The surviving clipping does not reveal whether the article was published by a Pärnu (Imants Uits' home near Mõisaküla was once part of Pärnu County) or Viljandi county local paper. It is also possible the article was published by a newspaper belonging to a society of the repressed several of which were active at the time. The clipping is missing the author and date, while it is probable the article was published in the summer of 1989.

History enthusiasts who contacted Postimees recall, from the days of the Baltic Way in 1989, as well as the Tori soldiers' convention that was canceled following pressure from the militia, that there was a former Waffen-SS infantry division soldier living near Mõisaküla who could bring together former brothers-in-arms from both Estonia and Latvia.

That man was Uits, father of presidential candidate Marina Kaljurand. An educated and idealistic man in whose front yard all three Baltic flags were allegedly hoisted whenever there was a holiday. His Estonian was so good that people who did not know him would never have guessed he was Latvian. Uits earned the first commissioned officer rank (Untersturmführer – ed.) in the Waffen-SS and had numerous battle achievements to his name.

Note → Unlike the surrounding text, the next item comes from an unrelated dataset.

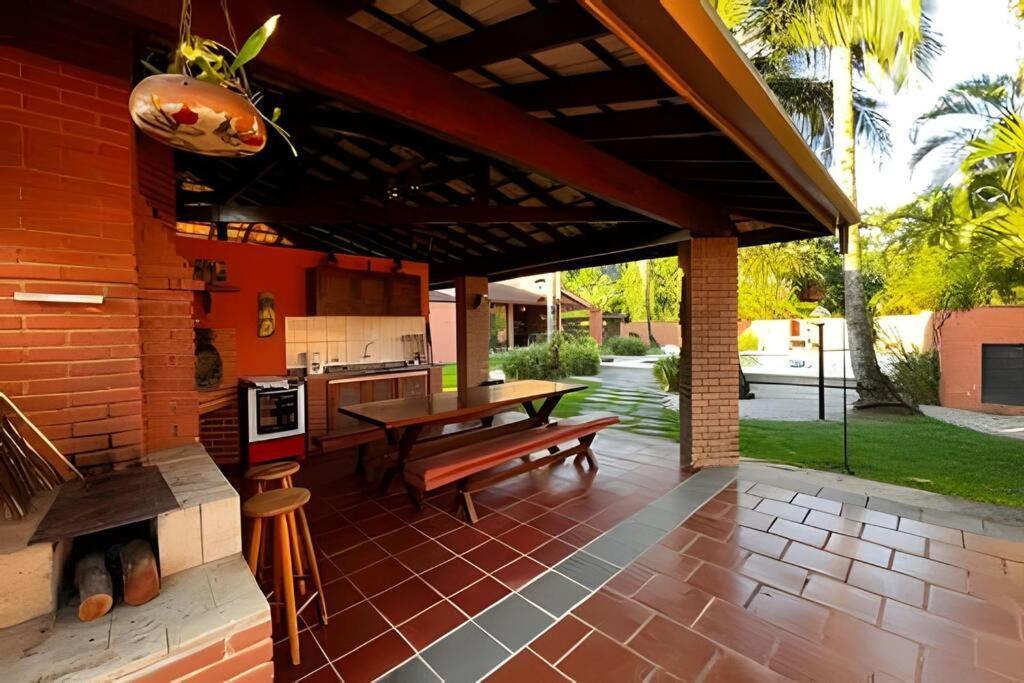 Home1| Casa Com Piscina Em Ubatuba/Sp Eksteriør bilde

The locals remember him as a good person. Uits' home, gradually overrun by trees and bushes after his death in 1993, was always clean and his gate open. It is said he received various humanitarian aid from brothers-in-arms societies in Germany that Uits distributed to others. One example tells the story of a neighbor whom Uits allegedly gave a wheelchair – a thing hard to come by at the time.

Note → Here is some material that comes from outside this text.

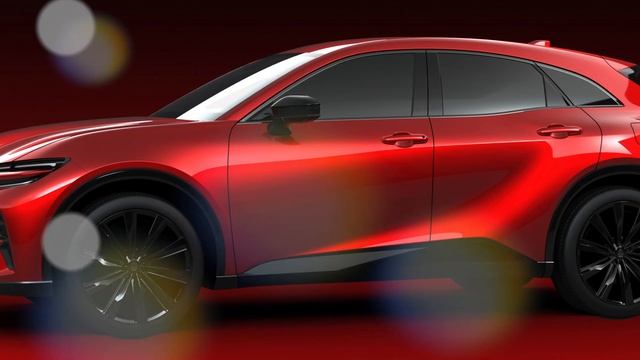 2024 Toyota Crown Sport! смотреть онлайн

Uits traveled to Germany to meet with former comrades at least once more after the August coup attempt in 1991. There he received the Iron Cross 1st Class Uits earned in World War II but no longer had.

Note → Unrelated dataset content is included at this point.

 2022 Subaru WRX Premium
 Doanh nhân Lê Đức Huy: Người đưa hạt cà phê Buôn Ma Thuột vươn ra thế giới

The article at Postimees' disposal is missing several passages that would be of interest to historians, while it does provide a detailed overview of the man who was Marina Kaljurand's father.

A man who later in life helped build the top secret direct reduction plant in Sillamäe in the ranks of the Narva engineering battalion.

The fact that Kaljurand has until now told of his father as having served in the German air force's support staff cannot be held against the candidate, as it is probable she never knew of her father's SS background. It is possible Uits kept that information from the mother of his child, Soviet Estonian ministry official Vera Rajevskaja with whom he shared his life for ten years. That kind of secrecy was understandable in those troubled times.